Uit het dossier, uit wat hiervoor staat en uit wat gezegd is op de zitting blijkt dat de moeder onvoldoende beschikbaar is (geweest) als opvoeder voor [kind 1] en [kind 2]. Dat is niet haar schuld. Ze heeft veel ondersteuning en begeleiding nodig en er zijn in de afgelopen jaren niet genoeg mogelijkheden geweest om de moeder vaardigheden aan te leren. De GI had goede en begrijpelijke redenen om niet meer te werken aan een mogelijke terugplaatsing bij de moeder op langere termijn.
5.1
Het hof volgt het standpunt van de raad dat duidelijk is dat de kinderen in het gezinshuis moeten opgroeien. De aanvaardbare termijn om nog naar een terugplaatsing bij de moeder te kunnen werken is inmiddels verstreken. [kind 1] en [kind 2] zijn de afgelopen jaren ingegroeid en gehecht in het gezinshuis. Het is voor hen van groot belang dat deze situatie wordt voortgezet en dat daar duidelijkheid over is.
“Gezag op afstand” waarvoor de advocaat van de moeder heeft gepleit, is naar het oordeel van het hof niet passend in de situatie van de moeder en [kind 1] en [kind 2]. Dat brengt teveel onzekerheid met zich mee, terwijl de kinderen behoefte hebben aan een stabiele woonplek. Bij “gezag op afstand” blijft jaarlijkse verlenging van de kinderbeschermingsmaatregelen (ondertoezichtstelling en machtiging uithuisplaatsing) noodzakelijk. Ook voedt dit de hoop van de moeder om op langere termijn misschien toch nog weer voor [kind 1] en [kind 2] te kunnen zorgen. Dat de moeder die wens heeft is begrijpelijk maar niet realistisch.

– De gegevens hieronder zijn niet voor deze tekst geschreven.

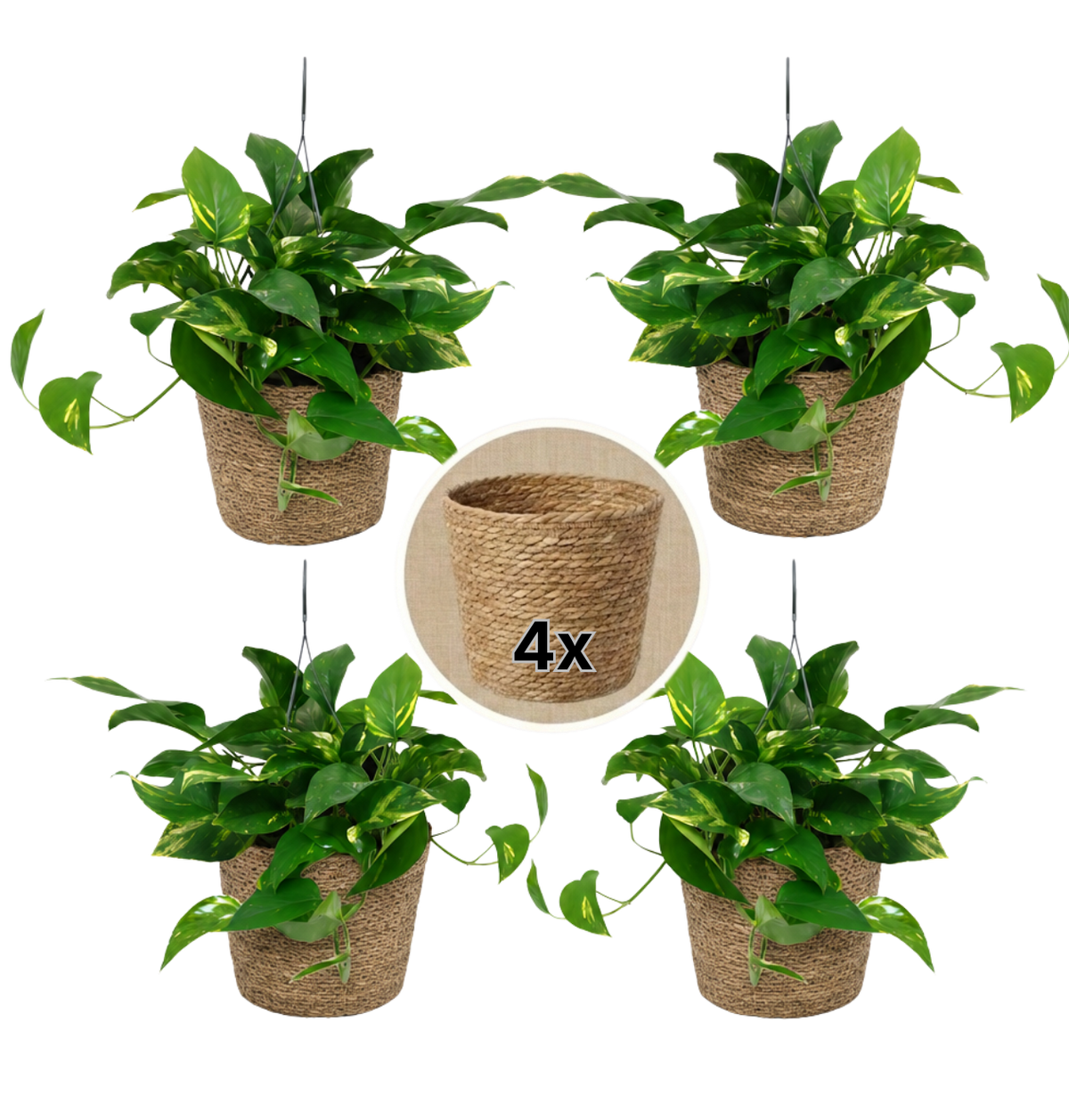 Efeutute (hängend) + 4x Seegraskorb | 4er-Set | Epipremnum aureum | ca. 30-35 cm | Ø 12-15 cm Topf - Blume Ideal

Daar komt nog bij dat de samenwerking tussen de moeder en de jeugdbeschermer ook niet altijd goed is geweest. Het hof gaat er vanuit dat de samenwerking nu zal verbeteren omdat de GI een andere jeugdbeschermer heeft ingezet.
5.11
Op grond van de hiervoor door het hof genoemde redenen, vindt het hof dat een beëindiging van het gezag van de moeder nodig is en klopt met de eisen die in wet staan. Door het gezag van de moeder te beëindigen wordt voor [kind 1] en [kind 2] en alle anderen die bij de kinderen betrokken zijn duidelijk dat zij niet bij de moeder zullen opgroeien, maar in het gezinshuis.
5.12
Ook al eindigt het gezag van de moeder over [kind 1] en [kind 2], voor de jongens is het belangrijk dat hun moeder een rol in hun leven blijft spelen. De moeder is vanaf nu niet meer verantwoordelijk voor beslissingen over de verzorging en opvoeding van [kind 1] en [kind 2] maar de voogd. De moeder moet wel goed geïnformeerd worden over belangrijke beslissingen die door de voogd voor [kind 1] en [kind 2] worden genomen. Het hof gaat ervan uit dat de voogd daarvoor zal zorgen.

6.De beslissing

Het hof, beschikkende in hoger beroep:
bekrachtigt de beschikking van de rechtbank Gelderland, zittingsplaats Zutphen, van 16 september 2019.
Deze beschikking is gegeven door mrs. K.A.M. van Os-ten Have, J.B. de Groot en I.G.M.Th. Weijers-van der Marck, bijgestaan door de griffier, en is op 17 maart 2020 uitgesproken in het openbaar in tegenwoordigheid van de griffier.